During my research I found the following options but would like to find the best ride options or a group to mix in with if possible. I am looking for challenging rides with great scenery and hard climbing. I live in FL so naturally I would like to mix it up in the hills. Even though I'm s flatlander I still consider myself a good climber. I will be doing BSG in Boone in June and rode the Gross Glockener route (2011 Giro stage) etc etc.

Short list: In no particular order so please help me rate them or add more:

1. Levi's Gran Fondo route - to include King Ringe - likely start in Monte Rio
2. The Geysers - start at City Hall Healdsburg
3. Cavedale, Mt Veeder - start in Sonoma
4. Mt. Tam - where do you start

Also, it is possible I will be riding these solo if I can't pick up a group along the way. I ask because if these are very remote areas I will need to come fully prepared with enough fuel/hydration.

Thanks all for any other suggestions/recommendations.


----------



## norton55 (Jan 10, 2006)

mimason, the routes you have listed are some of the hardest rides in Sonoma county.

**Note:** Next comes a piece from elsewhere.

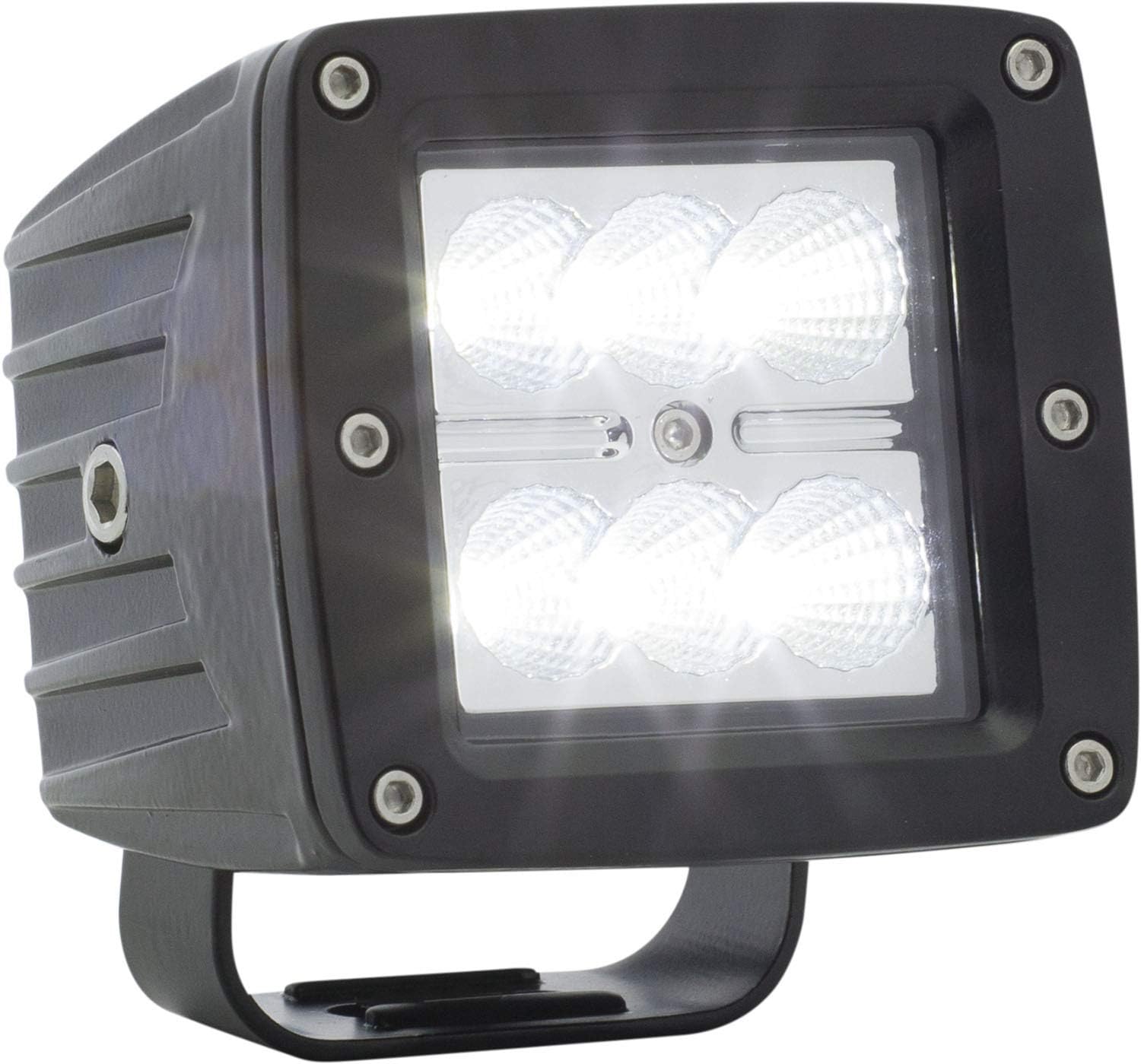 Square black LED light on a white background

You are right that they are remote and water is hard to find and if you have a mechanical, you are a long way from help. 

Since you are from Florida and staying in Bodega Bay I think a better ride might be Bodega Highway to Joy road to Coleman Valley road into Occidental. Then you can head into Freestone and back to Bodega Highway and back to Bodega Bay.

Or, from Bodega Bay stay south on Highway 1 to Middle road in Valley Ford. Stay on that until you get to Marshal road. Go left to the town of Tomales. Reverse you route back to Bodega Bay.

These routes provide plenty of climbing and good rest stops with great bakeries with good coffee and water.

I hope this helps.


----------



## mimason (Oct 7, 2006)

Big thanks for the advice.

I will likely do your recommendation but would also like to do a few of these hard scenarios. I ride with a lot of Pro 1,2 riders(in our hills) and race Masters 35+ so I am not affraid of a hard efforts. Perhaps I should not have even mentioned I am from Florida. The ride I did in Austria was extreme at 8.5% average grade. IIRC it was 25k and it went straits up with no flat section(only switch backs).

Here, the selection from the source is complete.